**Problem requirements**
Return every line from the records below with the string "already".

**Records to use**
######

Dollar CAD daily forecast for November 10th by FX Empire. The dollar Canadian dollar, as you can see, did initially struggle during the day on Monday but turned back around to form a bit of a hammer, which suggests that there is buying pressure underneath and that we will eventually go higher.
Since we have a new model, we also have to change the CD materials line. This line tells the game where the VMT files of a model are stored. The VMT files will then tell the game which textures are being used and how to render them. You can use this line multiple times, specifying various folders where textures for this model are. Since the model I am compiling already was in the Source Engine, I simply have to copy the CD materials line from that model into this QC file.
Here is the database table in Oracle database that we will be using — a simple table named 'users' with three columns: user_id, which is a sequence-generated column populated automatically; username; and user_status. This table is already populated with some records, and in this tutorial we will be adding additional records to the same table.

######

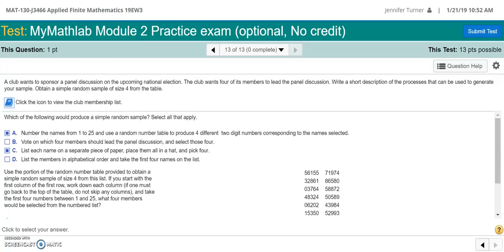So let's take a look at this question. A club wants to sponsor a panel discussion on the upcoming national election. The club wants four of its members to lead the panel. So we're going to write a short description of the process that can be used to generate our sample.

######

**Output of the exercise**
Since we have a new model, we also have to change the CD materials line. This line tells the game where the VMT files of a model are stored. The VMT files will then tell the game which textures are being used and how to render them. You can use this line multiple times, specifying various folders where textures for this model are. Since the model I am compiling already was in the Source Engine, I simply have to copy the CD materials line from that model into this QC file.
Here is the database table in Oracle database that we will be using — a simple table named 'users' with three columns: user_id, which is a sequence-generated column populated automatically; username; and user_status. This table is already populated with some records, and in this tutorial we will be adding additional records to the same table.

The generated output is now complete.